Giovanni Boldini was an Italian painter known for his portraits with which immortalized the most fashionable women of the late nineteenth century Paris. With its elegant style and its delicate brushwork, Boldini was able to capture in his paintings the hazy charm, vitality and romance of the Belle Epoque. Giovanni Boldini able to shine thanks to his talent from an early age, when specializes in reproducing paintings by Raphael.
At sixteen he perfected his talent by attending courses in painting by Girolamo Domenichini in Ferrara. The critical step for his career as an artist performing it in 1862 when he enrolled at the Accademia di Belle Arti in Florence. In the Tuscan city he attended the famous Caffè Michelangelo, a stop for citizens artists and so comes into contact with the Macchiaioli, the group of artists who renewed nineteenth century painting in Italy.
The 1867 is a pivotal year for Giovanni Boldini. The artist moved to Paris to admire the Universal Exhibition and he has the opportunity to see live the works of Courbet, and was fascinated by the French painter's ability to reproduce reality. In his stay in France even he knows the Impressionist painters Édouard Manet, Alfred Sisley and Edgar Degas.
At twenty-eight he moved to London, thanks to his friend William Cornwallis-West that provides a well-equipped studio in the center of the city. in a busy area by London aristocrats. The London experience will help Boldini to enter in European salons to become one of the most popular portraitists The English adventure lasts only one year.
Already in 1871, Boldini was in Florence before moving permanently in Paris since 1872. It is now an established artist, contended by the aristocracy but especially by the noble women of the time. One of the most interesting works by Giovanni Boldini is definitely a portrait of Luisa Casati Stampa, built in 1908.
It is one of the most famous paintings of the "Divine Marchesa" perfect interpreter of elegance and eccentric folly of the Belle Epoque. In addition to beautiful women, Giovanni Boldini also drew passers-by in the street, in cafes patrons and celebrities of the time as the Italian composer Giuseppe Verdi, immortalized in a 1886 painting. With the end of the Belle Epoque and social changes which resulted in the First World War, the artistic activity of Boldini was less intense but there were awards.

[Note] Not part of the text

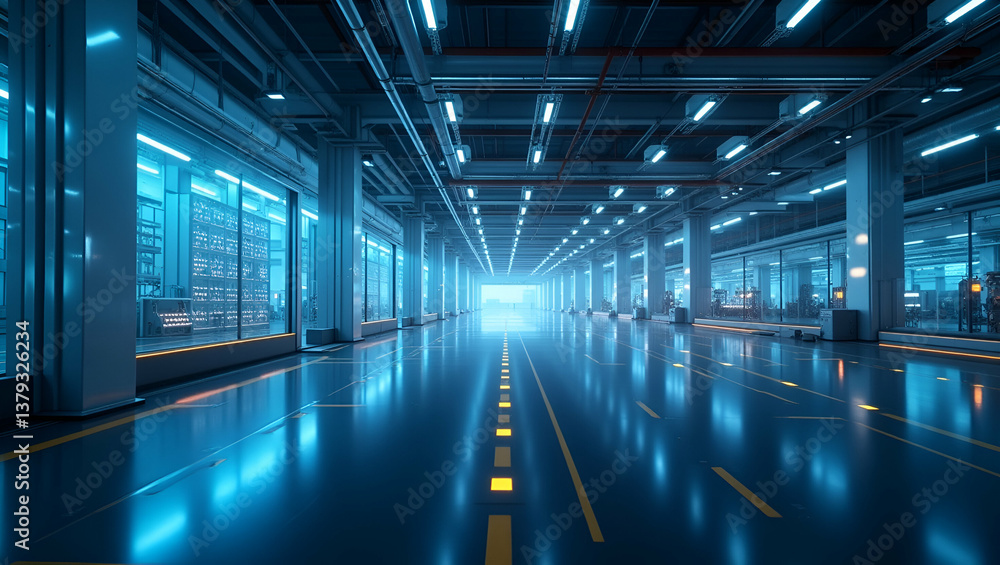 Fototapeta premium Futuristic Minimalist Wallpaper Design: AI-Powered Industrial Processes with Expansive Empty Space for Premium Photo Stock - Illustrating Automated Manufacturing and Data-Driven Optimization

In 1919 the artist was in fact awarded the Legion of Honor and the title of Grand Officer of the Crown of Italy, although he had retired from artistic because of a serious and sudden loss of vision. After the death, come when the artist was eighty-nine years, the name of Boldini was forgotten, as if his art was the result of a fad. It will be rediscovered in the early sixties and will be recognized for their role in the history of Italian art thanks to the style of his brushstrokes that will inspire Futurist artists.